Friday Preparations!

It's getting a little tougher to feed the bull every day with cooler and/or wetter than normal weather in the Heartland. Wheat quality is slipping quickly given the moisture but, we're at the point where hot and dry might be what's needed to hurt the bean and corn crops. Normal temperatures and slightly wetter than normal conditions might not be hurting the crops yet, we are starting to look at the growing degree units and the likelihood of having some more problems with corn as the growing season comes to an end. We will be on pins and needles through September!

Crop progress figures are released tonight and it feels as though we have passed the point of caring how the government measures the issue. We've got problems and it's not that relevant whether the planting figure for corn is 87 million acres and beans at 84 million acres in Friday's report. Funds have turned from short to long and we are at prices which are attracting South American grain to our shores. What keeps are rally going after Friday's figures is the weather and the weather needs to turn hot and dry to generate speculative buying in July and August. Then cool and dry gets the market excited in September. The winter wheat harvest can use s little window of hot and dry and Mother Nature has made harvest a little difficult. Quality is suffering but, the world doesn't care as things look good in Europe. But, spreads may be very volatile in the next few weeks as we're in the heart of harvest and end users may get a little anxious and start paying up, via the basis, to attract decent quality. It might be a year where wheat, a lot of wheat, get's fed!

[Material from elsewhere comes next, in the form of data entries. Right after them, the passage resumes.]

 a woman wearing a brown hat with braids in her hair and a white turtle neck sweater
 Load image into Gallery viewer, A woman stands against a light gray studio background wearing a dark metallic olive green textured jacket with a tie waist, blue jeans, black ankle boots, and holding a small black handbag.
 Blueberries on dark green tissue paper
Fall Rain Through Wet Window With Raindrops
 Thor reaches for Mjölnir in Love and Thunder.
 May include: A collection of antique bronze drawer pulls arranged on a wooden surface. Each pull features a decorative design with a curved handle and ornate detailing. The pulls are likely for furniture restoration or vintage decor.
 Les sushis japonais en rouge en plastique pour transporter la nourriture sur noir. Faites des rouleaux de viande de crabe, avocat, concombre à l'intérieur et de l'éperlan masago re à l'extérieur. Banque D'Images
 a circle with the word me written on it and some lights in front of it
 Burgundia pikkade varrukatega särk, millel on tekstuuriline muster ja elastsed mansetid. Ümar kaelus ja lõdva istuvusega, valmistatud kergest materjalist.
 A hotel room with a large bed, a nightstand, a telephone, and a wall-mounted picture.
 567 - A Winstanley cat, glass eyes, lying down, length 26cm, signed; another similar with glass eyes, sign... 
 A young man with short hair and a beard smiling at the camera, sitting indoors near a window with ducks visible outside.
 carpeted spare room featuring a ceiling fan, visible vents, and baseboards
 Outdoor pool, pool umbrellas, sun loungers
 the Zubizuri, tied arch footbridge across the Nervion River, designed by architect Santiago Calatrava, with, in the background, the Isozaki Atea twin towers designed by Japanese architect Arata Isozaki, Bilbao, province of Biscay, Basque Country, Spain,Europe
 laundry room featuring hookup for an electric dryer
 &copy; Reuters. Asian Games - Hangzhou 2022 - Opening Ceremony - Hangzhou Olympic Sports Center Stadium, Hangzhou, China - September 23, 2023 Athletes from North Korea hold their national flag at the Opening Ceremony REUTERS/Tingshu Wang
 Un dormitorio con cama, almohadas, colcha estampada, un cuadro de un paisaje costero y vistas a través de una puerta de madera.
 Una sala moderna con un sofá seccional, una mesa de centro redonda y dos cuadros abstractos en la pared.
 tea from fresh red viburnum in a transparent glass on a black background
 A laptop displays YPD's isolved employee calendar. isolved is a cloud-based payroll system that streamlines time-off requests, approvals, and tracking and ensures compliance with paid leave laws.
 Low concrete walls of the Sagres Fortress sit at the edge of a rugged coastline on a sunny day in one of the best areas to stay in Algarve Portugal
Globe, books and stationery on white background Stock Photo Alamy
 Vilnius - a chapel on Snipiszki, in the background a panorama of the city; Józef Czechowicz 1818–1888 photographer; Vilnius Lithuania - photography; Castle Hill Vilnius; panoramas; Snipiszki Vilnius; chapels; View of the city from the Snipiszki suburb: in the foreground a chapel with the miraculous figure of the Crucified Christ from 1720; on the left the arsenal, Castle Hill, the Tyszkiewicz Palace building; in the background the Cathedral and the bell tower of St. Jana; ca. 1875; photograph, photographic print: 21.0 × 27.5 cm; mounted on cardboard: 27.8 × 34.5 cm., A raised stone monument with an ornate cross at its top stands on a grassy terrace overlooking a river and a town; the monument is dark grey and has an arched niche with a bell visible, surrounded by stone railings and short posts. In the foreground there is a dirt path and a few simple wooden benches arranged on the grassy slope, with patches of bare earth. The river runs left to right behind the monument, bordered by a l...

Respect the USDA! It's also first notice day on the July futures and the end of the quarter on Friday. As usual, we preach the Gospel of going into USDA crop reports as even and open minded as possible!

The information contained on this site is the opinion of the writer and obtained from sources cited within the commentary. The impact on market prices due to seasonal or market cycles and current news events may already be reflected in current market prices.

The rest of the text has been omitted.